▶ **Task to complete**
The entries below contain pictures, which are to be left out; write out exactly, and only, the lines from the line with "Lonnie Liston Smith Jid017 (Vinyl)" up to and including the line with "虎祸之阴阳双虎（52 集）短剧完整版免费".

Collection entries
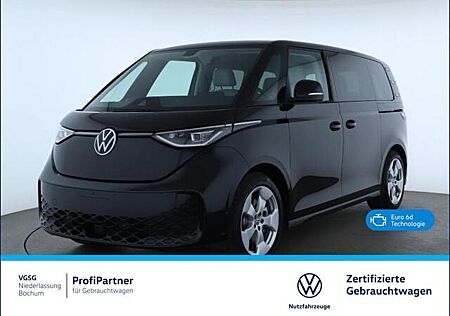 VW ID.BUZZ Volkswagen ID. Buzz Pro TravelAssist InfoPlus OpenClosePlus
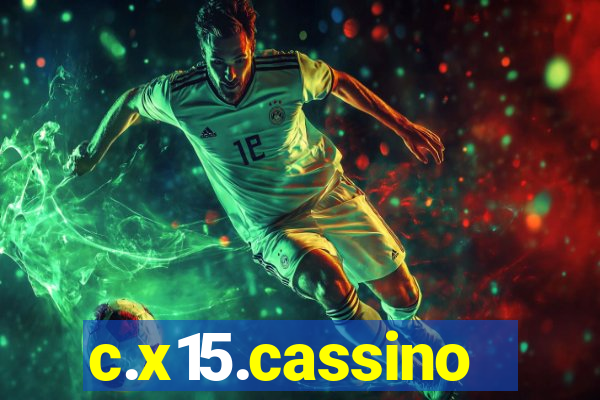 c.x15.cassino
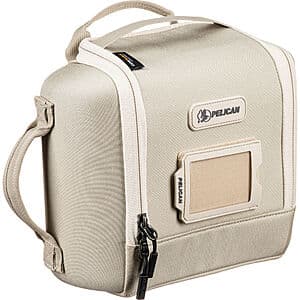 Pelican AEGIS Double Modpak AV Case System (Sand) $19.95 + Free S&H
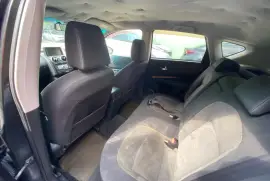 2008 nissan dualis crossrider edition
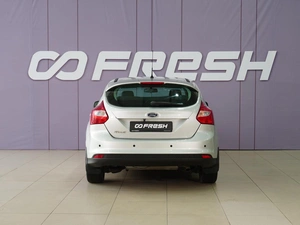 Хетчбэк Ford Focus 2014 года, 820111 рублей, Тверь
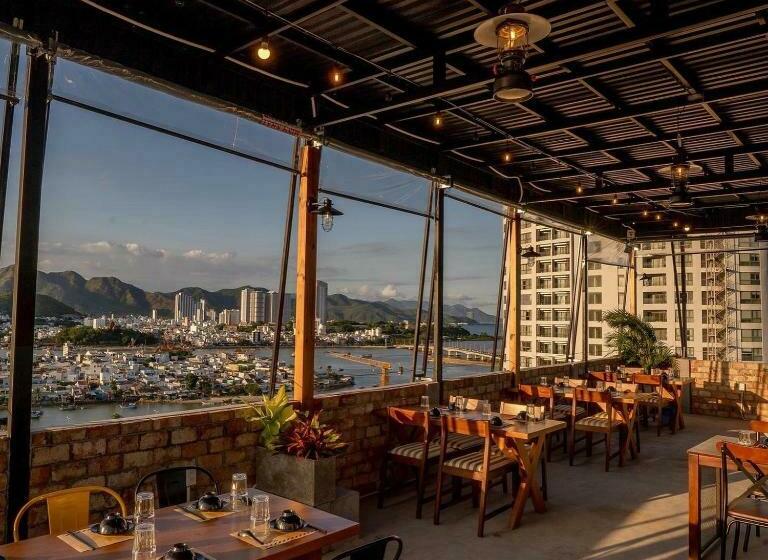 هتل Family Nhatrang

...

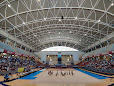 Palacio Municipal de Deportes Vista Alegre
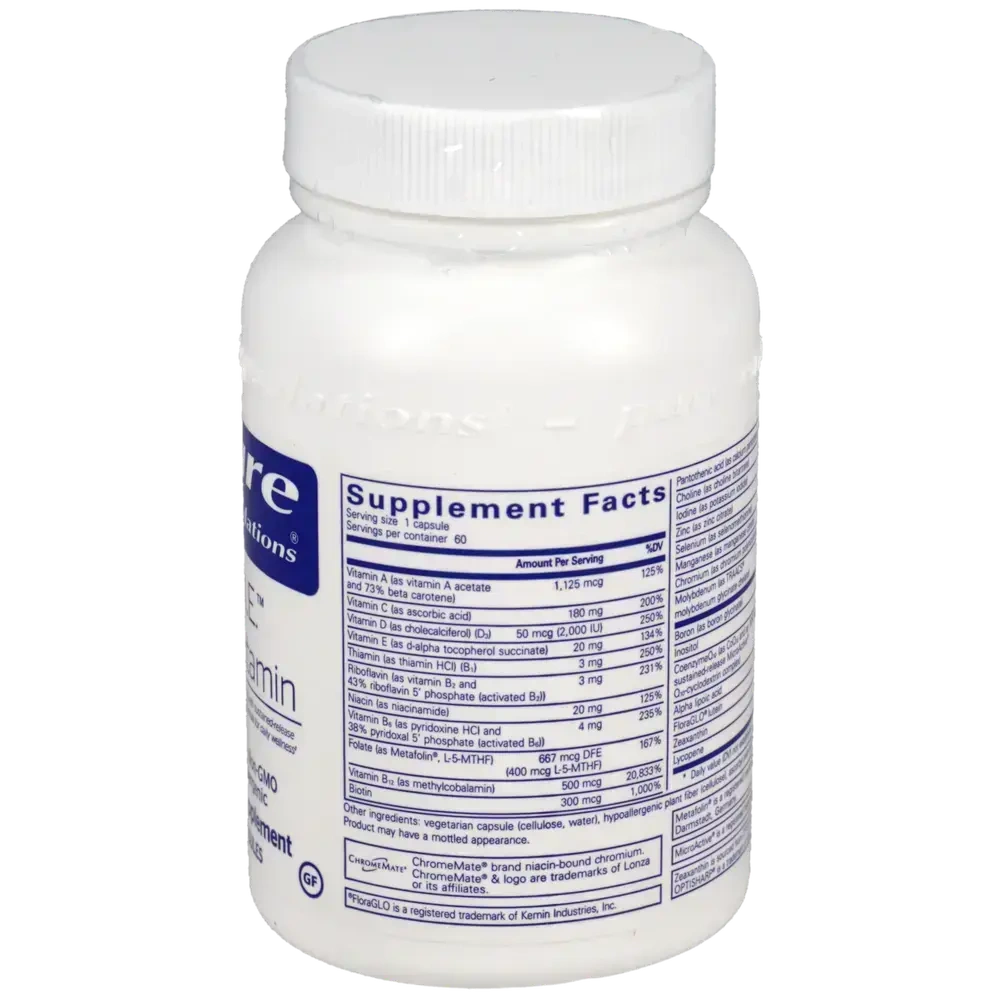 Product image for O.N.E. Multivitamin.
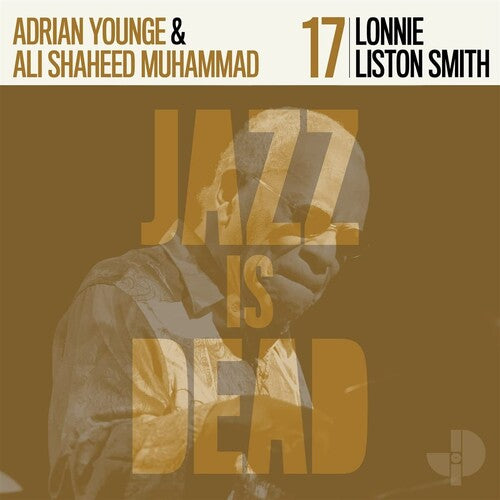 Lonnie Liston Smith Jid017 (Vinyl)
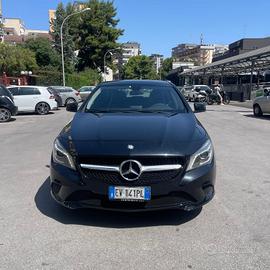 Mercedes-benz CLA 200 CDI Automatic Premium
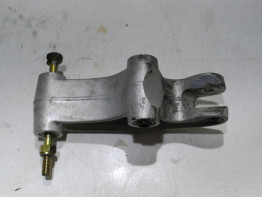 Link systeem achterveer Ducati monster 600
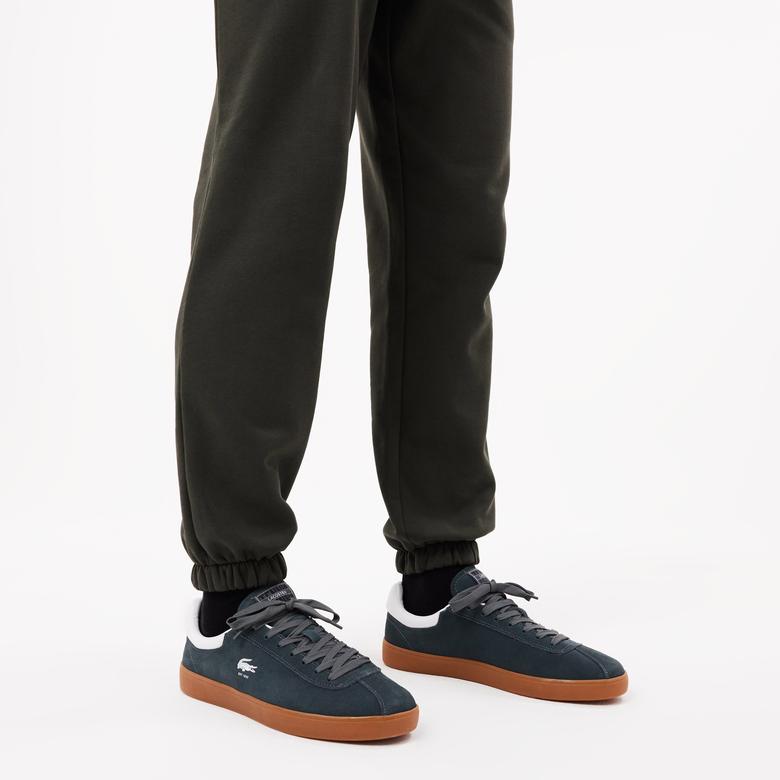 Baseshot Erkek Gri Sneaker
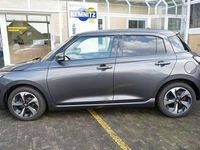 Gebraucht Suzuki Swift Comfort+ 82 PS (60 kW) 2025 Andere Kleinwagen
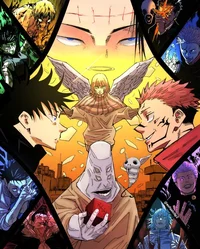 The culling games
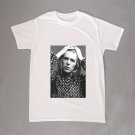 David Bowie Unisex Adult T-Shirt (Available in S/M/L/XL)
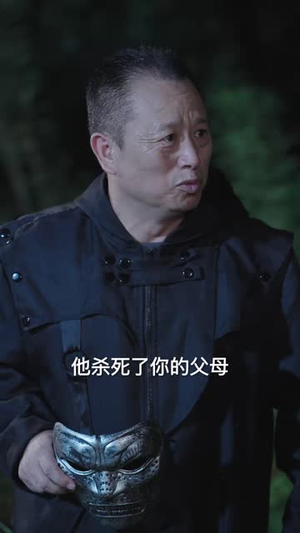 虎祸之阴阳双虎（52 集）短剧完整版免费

---

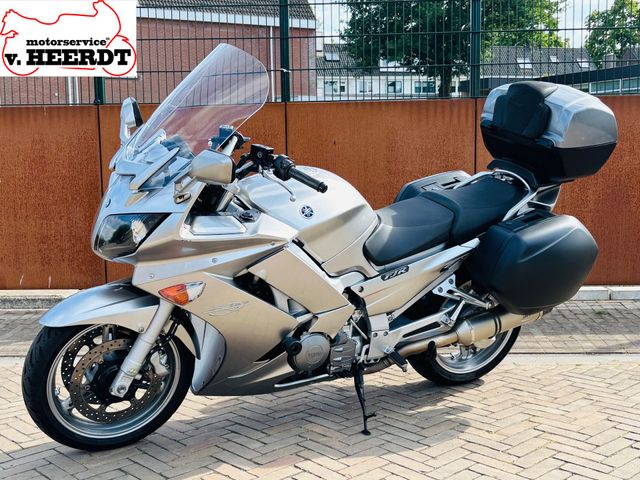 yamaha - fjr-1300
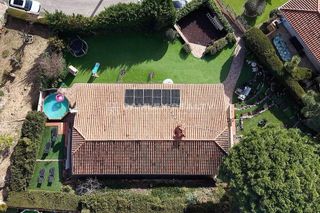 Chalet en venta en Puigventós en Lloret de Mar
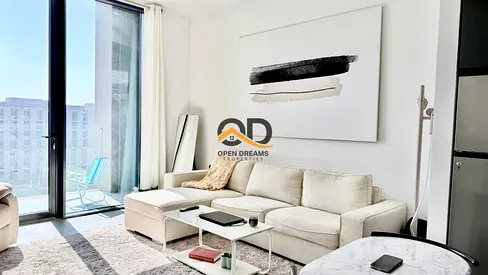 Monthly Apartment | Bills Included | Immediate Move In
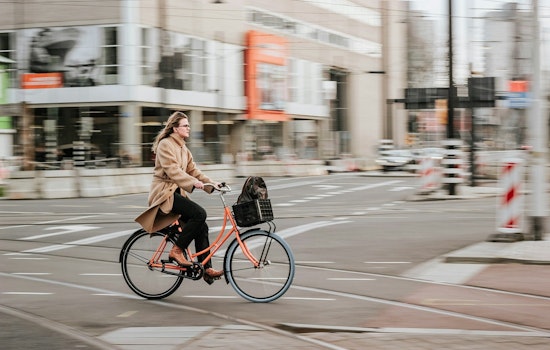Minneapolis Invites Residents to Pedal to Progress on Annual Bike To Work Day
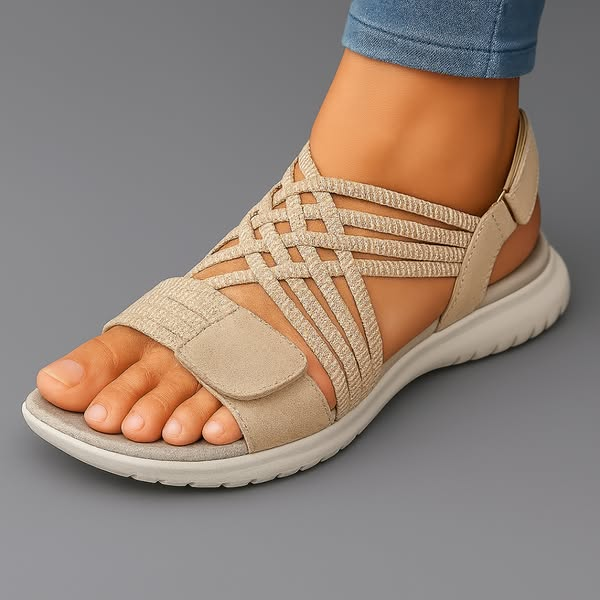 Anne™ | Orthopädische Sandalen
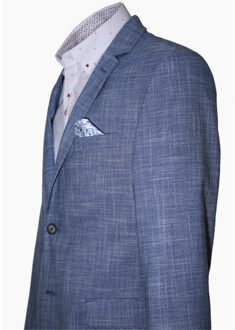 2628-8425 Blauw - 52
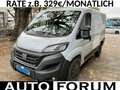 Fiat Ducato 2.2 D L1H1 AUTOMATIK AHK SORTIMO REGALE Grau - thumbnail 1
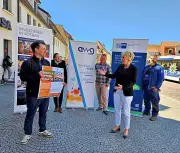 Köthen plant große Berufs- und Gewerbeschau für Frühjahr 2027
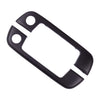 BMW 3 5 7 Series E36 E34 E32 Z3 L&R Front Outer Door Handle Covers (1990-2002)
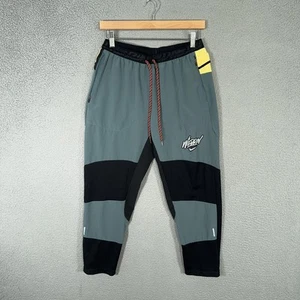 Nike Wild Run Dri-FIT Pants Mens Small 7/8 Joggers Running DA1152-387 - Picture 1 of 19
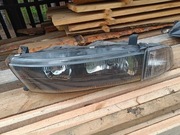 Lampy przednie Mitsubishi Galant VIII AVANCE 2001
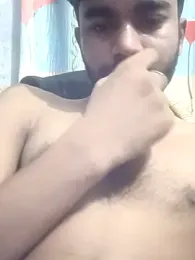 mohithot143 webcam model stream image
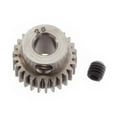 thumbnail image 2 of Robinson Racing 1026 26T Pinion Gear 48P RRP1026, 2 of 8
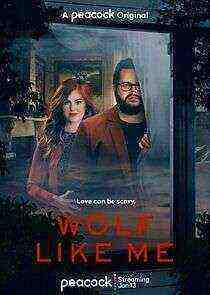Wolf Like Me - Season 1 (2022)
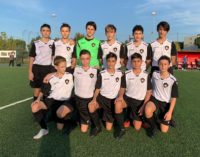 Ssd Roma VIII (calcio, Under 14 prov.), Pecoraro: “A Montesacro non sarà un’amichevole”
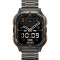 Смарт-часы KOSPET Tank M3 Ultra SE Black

▶ **Problem solution**
 Lonnie Liston Smith Jid017 (Vinyl)
 Mercedes-benz CLA 200 CDI Automatic Premium
 Link systeem achterveer Ducati monster 600
 Baseshot Erkek Gri Sneaker
 Gebraucht Suzuki Swift Comfort+ 82 PS (60 kW) 2025 Andere Kleinwagen
 The culling games
 David Bowie Unisex Adult T-Shirt (Available in S/M/L/XL)
 虎祸之阴阳双虎（52 集）短剧完整版免费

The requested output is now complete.